Toujours dans le premier chapitre, le musicien avoue être déstructuré par l’éloignement de sa table de travail, forcément conscient de l’aspect thérapeutique de l’écriture. Celle-ci s’accompagne d’un certain rituel, nécessaire à une salutaire rétention qu’il explique ainsi : « pour que l’imagination puisse se déployer dans son espace, dans sa liberté, il faut que je la freine. Et c’est en ralentissant, au fond, que ça avance ». Les trois chapitres suivants mettent en avant d’autres paradoxes avancés par Dusapin : un temps musical lié chez lui à la notation plutôt qu’à l’écoute, des miettes sonores qui sont aussi des graines, l’oubli d’une idée s’affirmant tout à la fois chose regrettable et pourtant indispensable à la faculté d’imagination, etc.

Continuons notre visite dans l’atelier de l’artiste (laquelle aurait été fluide sans les nombreuses coquilles qui la hérissent). Les deux nouveaux chapitres confirment ce que nous savions : le compositeur jouit de la liberté que lui apporte son métier : « je n’ai pas à me soumettre à une évaluation.

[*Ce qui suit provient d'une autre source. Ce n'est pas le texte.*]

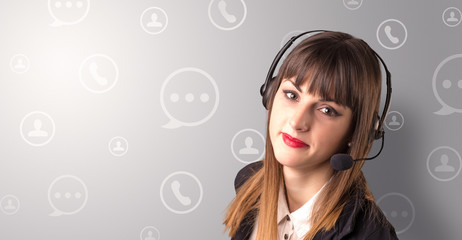 Young female telemarketer with white speech bubbles around her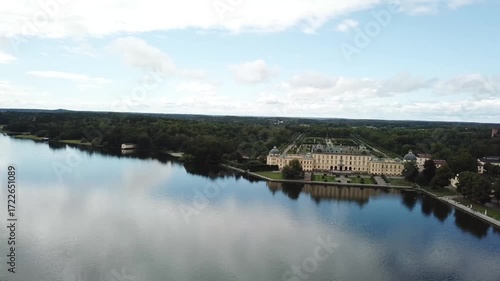 Drottningholm Palace aerial drone view, Stockholm Sweden, UNESCO World Heritage site with lake reflection, baroque architecture and scenic summer landscape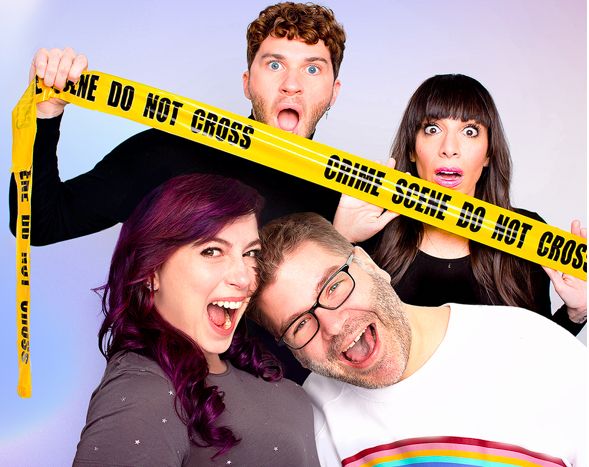Two people smiling really big open mouthed smiles while two other people smile and hold up yellow crime scene tape    in the background.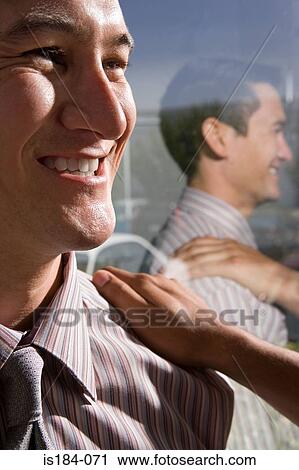 Stock Image - Office worker being congratulated. Fotosearch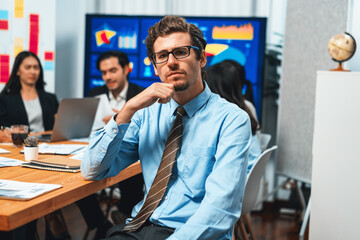 Portrait of businessman or analyst looking at camera with his colleague analyzing data analysis in dynamic business strategy investment planning meeting. Meticulous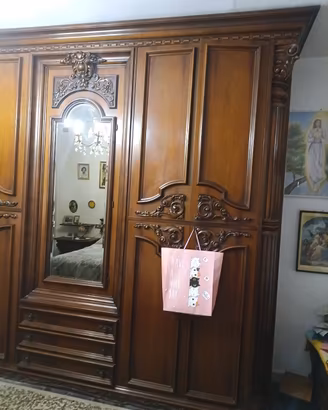 armadio, comodini e testata letto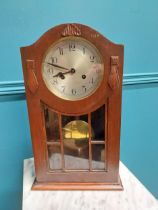 Art Deco stained pine mantle clock with silvered dial {46 cm H x 26 cm W x 15 cm D}.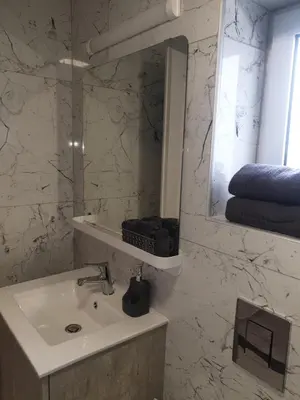 a bathroom with a sink and a mirror at Amalia Residences in Nicosia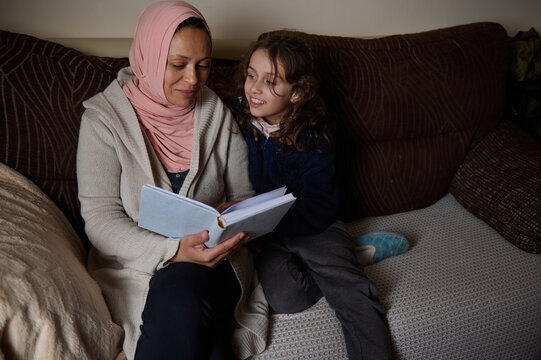 Mother in Hijab Reading a Book to Daughter on Sofa at Home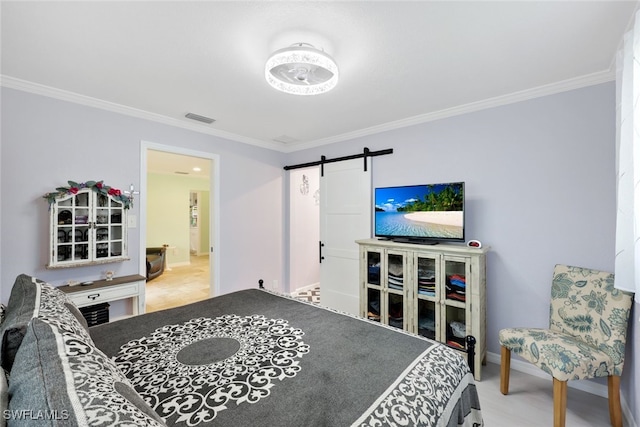 carpeted bedroom with a barn door and ornamental molding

Je peux rester dans le secret permanent ». Malgré tout, il y a la douleur de l’éternel recommencement et le danger de succomber à la virtuosité, cette capacité à éblouir avec son savoir-faire, sans plus se remettre en question à l’aide d’éléments pourtant variés (perturbation, entropie, débord, etc.). « Comment faire pour ne pas savoir » est une des nombreuses interrogations de Pascal Dusapin, ému de corriger une pièce de jeunesse (Lumen, 1976) trahissant une prise de risque à retrouver : « je ne sais rien mais je suis libre, c’est comme une page blanche dont on ne voit pas les bords ».